▸ Data for the task:
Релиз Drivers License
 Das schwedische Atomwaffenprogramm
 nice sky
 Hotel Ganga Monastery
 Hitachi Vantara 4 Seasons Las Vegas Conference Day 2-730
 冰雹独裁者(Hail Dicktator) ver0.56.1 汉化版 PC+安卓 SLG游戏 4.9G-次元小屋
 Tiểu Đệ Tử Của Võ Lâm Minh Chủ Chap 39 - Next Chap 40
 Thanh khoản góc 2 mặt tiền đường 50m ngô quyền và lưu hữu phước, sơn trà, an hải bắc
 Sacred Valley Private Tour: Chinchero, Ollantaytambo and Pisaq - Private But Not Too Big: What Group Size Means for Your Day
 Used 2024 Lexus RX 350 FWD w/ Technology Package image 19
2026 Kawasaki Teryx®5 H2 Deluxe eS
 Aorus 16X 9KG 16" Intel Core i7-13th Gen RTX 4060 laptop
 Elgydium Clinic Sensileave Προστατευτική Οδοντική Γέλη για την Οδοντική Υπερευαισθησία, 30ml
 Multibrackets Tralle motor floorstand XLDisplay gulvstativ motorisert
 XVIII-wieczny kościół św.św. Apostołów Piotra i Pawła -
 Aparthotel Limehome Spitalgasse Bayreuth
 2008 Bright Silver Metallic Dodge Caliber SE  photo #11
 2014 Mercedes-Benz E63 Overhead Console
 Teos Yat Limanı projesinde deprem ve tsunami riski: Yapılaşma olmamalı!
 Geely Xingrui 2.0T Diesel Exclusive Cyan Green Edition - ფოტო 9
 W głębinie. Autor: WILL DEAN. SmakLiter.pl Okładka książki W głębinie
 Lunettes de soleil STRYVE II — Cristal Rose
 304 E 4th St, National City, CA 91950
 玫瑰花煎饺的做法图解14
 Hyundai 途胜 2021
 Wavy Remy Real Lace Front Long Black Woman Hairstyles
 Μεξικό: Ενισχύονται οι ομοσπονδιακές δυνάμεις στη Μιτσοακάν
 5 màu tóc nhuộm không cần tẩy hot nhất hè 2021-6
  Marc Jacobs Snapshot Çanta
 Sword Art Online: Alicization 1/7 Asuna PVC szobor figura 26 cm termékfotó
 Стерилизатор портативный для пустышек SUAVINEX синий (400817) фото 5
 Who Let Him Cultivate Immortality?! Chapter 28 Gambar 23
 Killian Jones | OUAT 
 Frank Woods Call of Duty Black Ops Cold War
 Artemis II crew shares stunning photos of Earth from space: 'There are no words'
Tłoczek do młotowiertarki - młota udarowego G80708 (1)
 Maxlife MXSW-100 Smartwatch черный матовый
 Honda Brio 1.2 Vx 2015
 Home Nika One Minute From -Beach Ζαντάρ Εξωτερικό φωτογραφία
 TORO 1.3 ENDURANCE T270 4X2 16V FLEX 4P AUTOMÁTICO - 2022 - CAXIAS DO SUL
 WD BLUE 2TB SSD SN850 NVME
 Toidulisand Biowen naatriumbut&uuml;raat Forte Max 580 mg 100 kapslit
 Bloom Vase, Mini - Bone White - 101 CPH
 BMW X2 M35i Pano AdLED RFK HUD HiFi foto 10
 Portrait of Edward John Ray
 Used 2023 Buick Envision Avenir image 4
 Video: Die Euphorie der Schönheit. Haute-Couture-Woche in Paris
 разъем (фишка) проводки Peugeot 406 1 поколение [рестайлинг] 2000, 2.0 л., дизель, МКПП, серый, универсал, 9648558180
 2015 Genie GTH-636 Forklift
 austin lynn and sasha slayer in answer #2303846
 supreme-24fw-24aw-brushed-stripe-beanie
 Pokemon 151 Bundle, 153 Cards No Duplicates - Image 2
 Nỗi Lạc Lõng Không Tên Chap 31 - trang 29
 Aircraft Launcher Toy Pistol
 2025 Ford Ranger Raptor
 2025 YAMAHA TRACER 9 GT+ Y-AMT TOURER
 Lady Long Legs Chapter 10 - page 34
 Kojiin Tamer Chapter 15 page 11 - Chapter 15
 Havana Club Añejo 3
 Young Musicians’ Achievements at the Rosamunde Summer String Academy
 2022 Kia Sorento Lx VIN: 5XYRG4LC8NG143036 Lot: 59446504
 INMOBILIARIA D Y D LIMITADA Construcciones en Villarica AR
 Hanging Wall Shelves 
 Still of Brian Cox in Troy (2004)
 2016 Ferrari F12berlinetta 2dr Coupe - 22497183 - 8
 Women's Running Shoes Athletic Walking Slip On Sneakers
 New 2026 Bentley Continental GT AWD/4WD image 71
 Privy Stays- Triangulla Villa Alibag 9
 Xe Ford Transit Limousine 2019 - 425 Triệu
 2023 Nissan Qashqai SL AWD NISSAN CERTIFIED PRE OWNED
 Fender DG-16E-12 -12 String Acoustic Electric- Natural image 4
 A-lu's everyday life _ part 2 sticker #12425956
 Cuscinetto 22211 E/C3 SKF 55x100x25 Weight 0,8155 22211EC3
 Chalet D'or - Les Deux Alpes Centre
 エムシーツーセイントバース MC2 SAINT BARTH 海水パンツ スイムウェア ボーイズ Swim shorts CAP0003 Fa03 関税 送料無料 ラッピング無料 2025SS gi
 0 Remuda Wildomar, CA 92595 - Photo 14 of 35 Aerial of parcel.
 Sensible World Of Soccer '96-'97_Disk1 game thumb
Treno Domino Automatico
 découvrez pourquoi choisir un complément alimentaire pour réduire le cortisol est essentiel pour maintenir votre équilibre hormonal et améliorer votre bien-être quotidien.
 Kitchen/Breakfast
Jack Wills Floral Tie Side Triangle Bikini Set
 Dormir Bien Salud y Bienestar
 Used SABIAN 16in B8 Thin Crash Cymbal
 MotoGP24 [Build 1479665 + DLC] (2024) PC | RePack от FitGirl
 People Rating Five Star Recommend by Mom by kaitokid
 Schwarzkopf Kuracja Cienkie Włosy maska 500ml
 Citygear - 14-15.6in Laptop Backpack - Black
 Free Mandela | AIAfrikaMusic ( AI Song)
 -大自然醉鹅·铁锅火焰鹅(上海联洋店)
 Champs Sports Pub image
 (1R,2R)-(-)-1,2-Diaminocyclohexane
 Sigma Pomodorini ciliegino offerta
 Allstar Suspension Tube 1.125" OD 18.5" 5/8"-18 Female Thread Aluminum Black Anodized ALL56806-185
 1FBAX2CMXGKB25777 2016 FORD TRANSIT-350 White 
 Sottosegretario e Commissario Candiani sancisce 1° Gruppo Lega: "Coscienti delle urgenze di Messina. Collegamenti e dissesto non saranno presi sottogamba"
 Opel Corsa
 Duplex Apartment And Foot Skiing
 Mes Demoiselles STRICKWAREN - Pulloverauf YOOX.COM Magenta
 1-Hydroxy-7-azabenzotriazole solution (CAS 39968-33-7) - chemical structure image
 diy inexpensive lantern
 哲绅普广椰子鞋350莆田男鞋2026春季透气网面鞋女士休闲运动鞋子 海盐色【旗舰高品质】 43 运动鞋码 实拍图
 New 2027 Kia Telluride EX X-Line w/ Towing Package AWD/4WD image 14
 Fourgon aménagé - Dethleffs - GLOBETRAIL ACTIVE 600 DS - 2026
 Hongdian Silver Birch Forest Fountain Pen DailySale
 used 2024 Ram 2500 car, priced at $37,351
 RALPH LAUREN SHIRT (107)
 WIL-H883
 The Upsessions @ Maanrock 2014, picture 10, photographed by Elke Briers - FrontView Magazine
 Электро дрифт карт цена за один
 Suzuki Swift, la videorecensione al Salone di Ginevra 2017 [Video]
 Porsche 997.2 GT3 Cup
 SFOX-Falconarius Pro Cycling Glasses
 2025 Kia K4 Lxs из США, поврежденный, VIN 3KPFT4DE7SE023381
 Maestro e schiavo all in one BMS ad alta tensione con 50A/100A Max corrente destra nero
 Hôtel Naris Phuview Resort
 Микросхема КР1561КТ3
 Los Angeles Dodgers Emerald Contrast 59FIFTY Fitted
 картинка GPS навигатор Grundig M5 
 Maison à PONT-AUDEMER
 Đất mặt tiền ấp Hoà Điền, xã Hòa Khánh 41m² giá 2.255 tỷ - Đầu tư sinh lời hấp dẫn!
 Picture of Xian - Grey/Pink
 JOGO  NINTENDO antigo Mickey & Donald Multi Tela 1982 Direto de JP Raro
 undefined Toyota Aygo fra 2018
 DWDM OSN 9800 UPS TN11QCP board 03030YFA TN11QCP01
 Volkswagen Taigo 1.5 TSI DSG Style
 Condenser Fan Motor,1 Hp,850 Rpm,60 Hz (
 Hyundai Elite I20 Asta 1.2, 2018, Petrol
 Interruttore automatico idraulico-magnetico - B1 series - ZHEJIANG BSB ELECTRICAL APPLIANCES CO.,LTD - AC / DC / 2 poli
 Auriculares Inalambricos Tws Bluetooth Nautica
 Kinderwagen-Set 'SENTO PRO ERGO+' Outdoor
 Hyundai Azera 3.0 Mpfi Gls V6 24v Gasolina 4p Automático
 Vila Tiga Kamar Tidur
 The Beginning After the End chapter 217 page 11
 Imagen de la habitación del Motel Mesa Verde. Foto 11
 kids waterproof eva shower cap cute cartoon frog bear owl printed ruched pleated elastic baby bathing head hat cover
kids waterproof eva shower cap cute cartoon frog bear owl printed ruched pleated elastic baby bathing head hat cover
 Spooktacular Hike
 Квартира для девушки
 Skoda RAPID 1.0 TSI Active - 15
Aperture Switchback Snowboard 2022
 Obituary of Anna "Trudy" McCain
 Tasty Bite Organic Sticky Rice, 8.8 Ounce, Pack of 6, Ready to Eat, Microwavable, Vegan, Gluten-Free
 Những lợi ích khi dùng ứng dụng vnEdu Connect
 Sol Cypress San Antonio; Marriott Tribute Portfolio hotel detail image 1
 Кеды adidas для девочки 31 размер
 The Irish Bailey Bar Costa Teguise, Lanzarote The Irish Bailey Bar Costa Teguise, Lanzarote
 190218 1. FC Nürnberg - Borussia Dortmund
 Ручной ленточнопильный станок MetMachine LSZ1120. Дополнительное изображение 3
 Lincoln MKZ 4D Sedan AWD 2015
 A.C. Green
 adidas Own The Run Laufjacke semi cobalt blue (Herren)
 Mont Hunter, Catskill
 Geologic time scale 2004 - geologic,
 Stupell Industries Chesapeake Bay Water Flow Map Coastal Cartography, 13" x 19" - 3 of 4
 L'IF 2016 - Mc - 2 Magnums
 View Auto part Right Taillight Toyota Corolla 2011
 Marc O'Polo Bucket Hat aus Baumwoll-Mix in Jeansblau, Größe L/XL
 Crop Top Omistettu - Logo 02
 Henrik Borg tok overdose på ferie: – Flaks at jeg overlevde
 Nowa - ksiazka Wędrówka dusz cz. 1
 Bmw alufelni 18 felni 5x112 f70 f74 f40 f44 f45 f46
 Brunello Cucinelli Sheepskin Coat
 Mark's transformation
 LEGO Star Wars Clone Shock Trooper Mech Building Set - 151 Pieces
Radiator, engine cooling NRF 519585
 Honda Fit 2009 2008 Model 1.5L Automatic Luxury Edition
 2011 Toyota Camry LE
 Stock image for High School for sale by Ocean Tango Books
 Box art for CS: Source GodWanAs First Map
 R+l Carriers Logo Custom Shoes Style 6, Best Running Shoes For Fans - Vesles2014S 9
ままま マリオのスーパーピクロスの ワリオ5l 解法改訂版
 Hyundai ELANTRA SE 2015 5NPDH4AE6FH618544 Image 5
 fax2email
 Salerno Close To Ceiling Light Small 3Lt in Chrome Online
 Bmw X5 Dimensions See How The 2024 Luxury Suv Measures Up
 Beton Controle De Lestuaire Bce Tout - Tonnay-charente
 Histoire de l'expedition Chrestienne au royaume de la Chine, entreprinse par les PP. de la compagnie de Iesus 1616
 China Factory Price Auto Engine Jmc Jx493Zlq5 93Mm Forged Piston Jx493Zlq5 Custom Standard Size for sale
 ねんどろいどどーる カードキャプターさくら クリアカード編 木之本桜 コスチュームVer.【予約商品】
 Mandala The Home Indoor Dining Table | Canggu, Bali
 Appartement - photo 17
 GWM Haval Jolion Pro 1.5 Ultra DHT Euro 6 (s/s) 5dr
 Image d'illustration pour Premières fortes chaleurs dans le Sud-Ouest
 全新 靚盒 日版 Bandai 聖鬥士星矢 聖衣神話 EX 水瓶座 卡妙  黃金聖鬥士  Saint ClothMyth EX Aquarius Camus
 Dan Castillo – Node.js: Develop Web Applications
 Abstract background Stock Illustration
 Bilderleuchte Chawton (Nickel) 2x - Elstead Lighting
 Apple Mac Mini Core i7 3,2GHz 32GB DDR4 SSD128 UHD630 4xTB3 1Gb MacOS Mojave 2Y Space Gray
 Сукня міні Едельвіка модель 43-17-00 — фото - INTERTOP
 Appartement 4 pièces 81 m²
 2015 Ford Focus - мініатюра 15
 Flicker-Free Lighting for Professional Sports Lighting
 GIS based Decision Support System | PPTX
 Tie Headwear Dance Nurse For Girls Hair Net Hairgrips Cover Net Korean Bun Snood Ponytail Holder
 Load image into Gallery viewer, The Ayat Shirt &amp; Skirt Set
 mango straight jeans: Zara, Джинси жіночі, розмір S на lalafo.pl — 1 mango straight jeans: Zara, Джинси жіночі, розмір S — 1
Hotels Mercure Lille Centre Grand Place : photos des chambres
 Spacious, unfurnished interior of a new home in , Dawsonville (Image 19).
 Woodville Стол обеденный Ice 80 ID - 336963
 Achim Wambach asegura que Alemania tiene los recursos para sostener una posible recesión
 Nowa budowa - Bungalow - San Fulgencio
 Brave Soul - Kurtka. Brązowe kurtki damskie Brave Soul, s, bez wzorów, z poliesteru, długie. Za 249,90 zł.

▸ Your instructions:
The expected output is exactly the lines of the listing above between the line holding "Spooktacular Hike" and the line holding "Tasty Bite Organic", inclusive.

▸ Finished exercise:
 Spooktacular Hike
 Квартира для девушки
 Skoda RAPID 1.0 TSI Active - 15
Aperture Switchback Snowboard 2022
 Obituary of Anna "Trudy" McCain
 Tasty Bite Organic Sticky Rice, 8.8 Ounce, Pack of 6, Ready to Eat, Microwavable, Vegan, Gluten-Free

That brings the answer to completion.